Bubbles Bubbles - 1 year ago 60
Linux Question

What is the meaning of running out of swap?

In linux machines for many scenarios we might get errors Running out of swap. what exactly it means. Is it similar to thrashing ? Are Running out of space and running out of swap are similar terms ? How can we find fix these kind of errors ?

Answer Source

The swap is a secondary (disk-based) storage for your RAM: if your application consumes too much memory, some parts of the RAM are swapped out (moved) onto the hard disk, to make room for new memory requests. (This is happening under the assumption, that the swapped out memory won't be needed in the near future; if an application needs to access it again, the memory will be swapped in again (moved back to the RAM), probably triggering a swap out of another memory area first).

Swapping is usually rather slow, as it involves moving larger data chunks between RAM and hard-disk, and all applications have to wait until it has finished before they can continue. As such, it is meant as a security measure to avoid out-of-memory crashes, but you should try to avoid triggering swapping if possible.

Now the swap-space itself can either be a file or an entire partition, but in any case they have a limited size as well (either defined by the partition size on which they reside, or limited by your OS).

So if you need to swap out a lot of memory (or have a small swap space), you will sooner or later run out of swap.

There are basically two ways to "fix" the problem:

  • make your swap-space bigger
  • make your application consume less memory

extending swap space

  • first, try to add more RAM to your system. The more RAM you have, the less likely it is that the system needs swap out memory.

If this doesn't help (or is not possible), you might need to extend the actual available swap space:

  • first create a new swap area (either a file or a disk partition) using mkswap.
  • then enable the swap space, using swapon.
  • you can also make the changes persistent by adding an entry to your fstab file.
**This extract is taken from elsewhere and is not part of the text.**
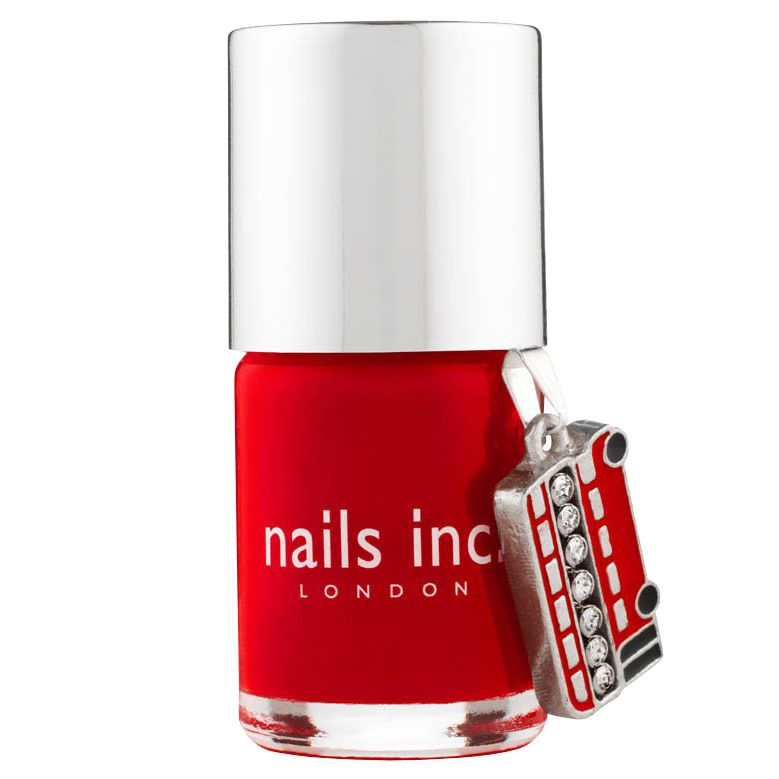 Nails Inc St James Nail Polish with London Bus Charm, Bright Red Nails Inc St James Nail Polish with London Bus Charm, Bright Red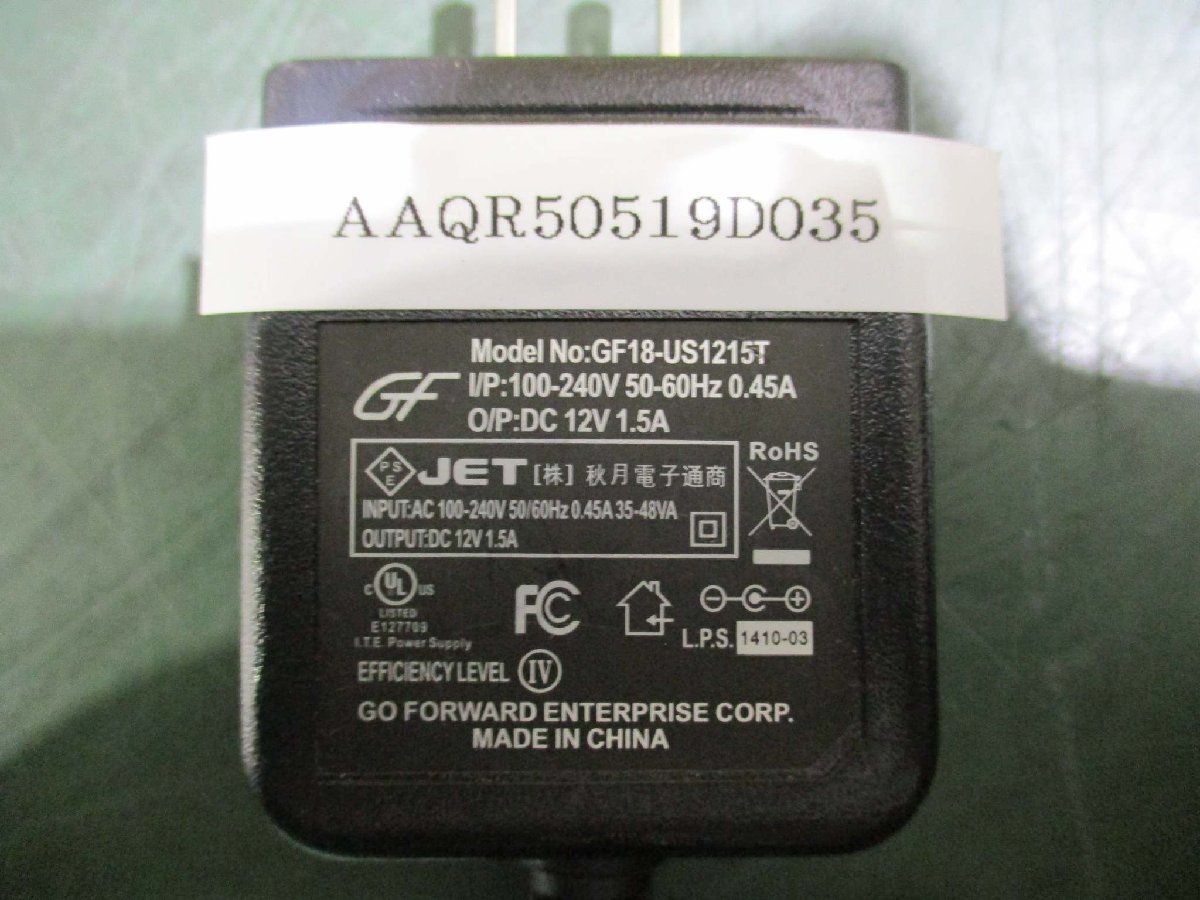 中古 JET Cアダプター GF18-US1215T DC12V 1.5A バー照明 / ライン照明(AAQR50519D035)_画像2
But really this might just make your "running out of swap" problem appear a little later, so read on:

reduce memory consumption

Today's computers have plenty of RAM. Unless you are dealing with very large datasets or are running very many memory hungry applications in parallel, it is highly unlikely that you ever run out of RAM and/or swap space.

Unless, that is, one of your application has a memory leak and consumes an unbound amount of memory.

Try to find out which applications use up all the memory, and check whether they are leaking resources.